Call me at **BITCOIN (DJP) wrote this at 2013-05-01 22:04:03.000

Yeah, Pynchon did this to me too. I felt bad about abandoning Gravitys Rainbow for a while. Nowadays, I have no problem dropping a book if I get bored. But I think I'm reading less fiction because of it, on account of being burned so many times. "Oh yeah, I have 3 unfinished horror/political/post-modern books in my nook archives, odds are in favor of this one joining them..."

sheer tip (how's life), Thursday, 2 May 2013 10:12 (twelve years ago)

life's too short to read garbage. i'll give it at least a few chapters, but if i'm not into it by say chapter four (or chapter six if it's an ebook) it's in the bin.

mistah WRIGHT! WHAT you doin'? (Autumn Almanac), Thursday, 2 May 2013 10:30 (twelve years ago)

dog latin otm

Blue Yodel No. 9 Dream (James Redd and the Blecchs), Thursday, 2 May 2013 10:33 (twelve years ago)

I often abandon interesting books in order to move onto more interesting books, thinking i will return to the original book and then forgetting about it.

rock 'em sock 'em (Treeship), Friday, 3 May 2013 11:55 (twelve years ago)

not novels though, i finish novels for the most part

rock 'em sock 'em (Treeship), Friday, 3 May 2013 11:55 (twelve years ago)

Automatic thread bump. This poll is closing tomorrow.

System, Tuesday, 7 May 2013 00:01 (twelve years ago)

does skipping to the end count as finishing? i couldn't even make it through crying of lot 49.

Philip Nunez, Tuesday, 7 May 2013 03:15 (twelve years ago)

How I became an abandoner:
When I was a kid I would AGONIZE over not finishing a book – I finished a lot of total garbage out of some sense of duty. Then I read my dad's copy of Embraced By The Light, a near-death experience memoir that he highly recommended. It was kind of hokey to me, even though I was very credulous, but that credulity became an advantage when the author described how every book extant on earth was also in heaven. I felt so relieved! I realized any book that wasn't immediately gripping could be put aside for future reading, way way in the future, in the impossible expanses of post-death eternity. So I guess Heaven's reading hall is where I'll finally finish À rebours.

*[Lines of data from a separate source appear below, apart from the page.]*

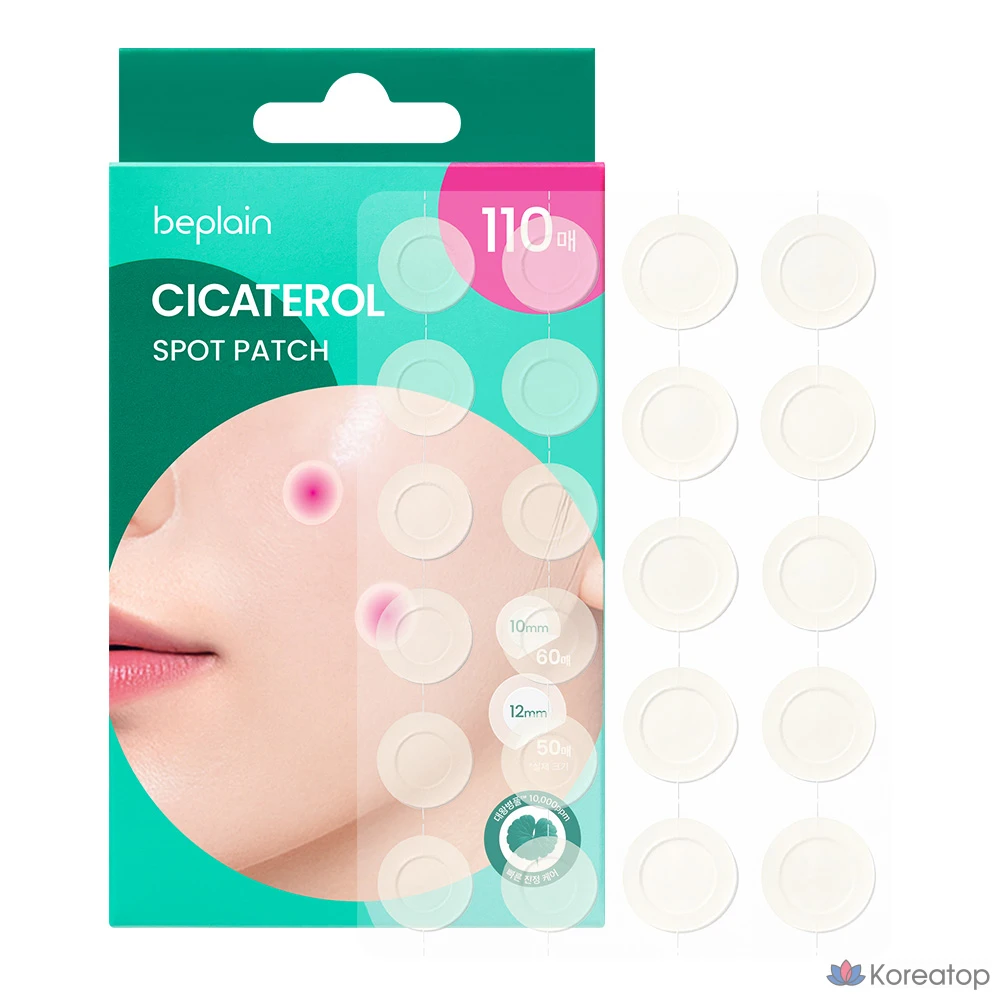 Патчи для проблемной кожи Beplain Cicaterol Spot Patch, 110 шт.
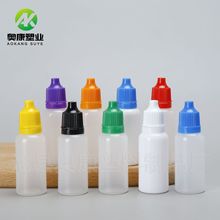 现货15ml滴眼液瓶PE半透明带防盗盖瓶颜料色素瓶15毫升挤压塑料瓶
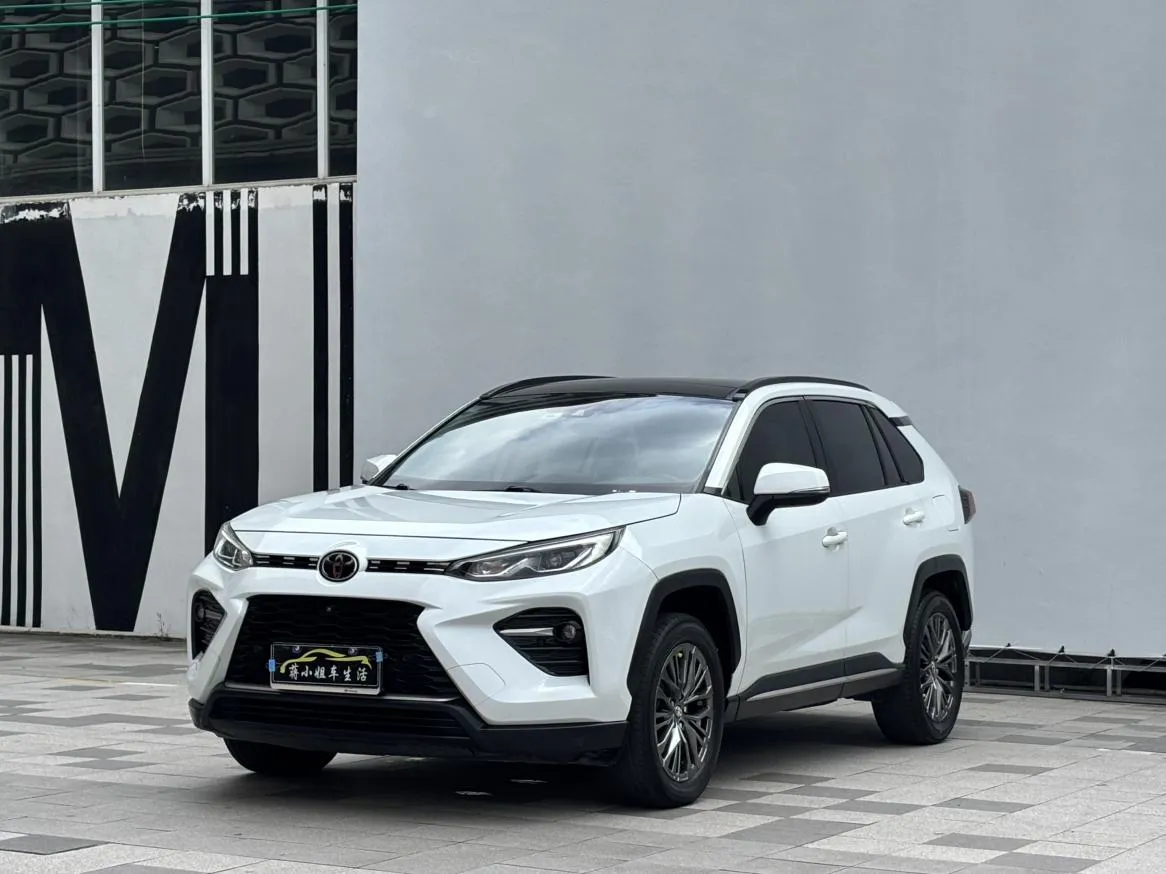 2022 Toyota Wildlander 2.0L 2WD Luxury Plus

I wish every slot machine had EAT THE RICH printed on it (Crabbits), Tuesday, 7 May 2013 03:32 (twelve years ago)

^^ witnessing how faith can make life better.

Aimless, Tuesday, 7 May 2013 03:39 (twelve years ago)

oooh à rebours... we had to read that for class, it took me a while but then i was really into it.
to answer the thread's question, i have this horrible urge to always finish the book i'm reading even if i hate it. tbh, i find it easier to finish books i've hated than ones that are just of no interest to me. there's only one novel i've had to put down, that too multiple times - kafka's the castle. for some reason i always struggle with kafka, took all i had to finish the trial too. which i re-read later and came to enjoy. for the castle, i think i tried reading it 3 or 4 times before actually finishing it. actualy, come to think of it there is another book i abandoned about 50-60 pages from the end - dostoevsky's the idiot, but only because i lost my copy of it. maybe one day i'll read it again and hopefully not lose it that time.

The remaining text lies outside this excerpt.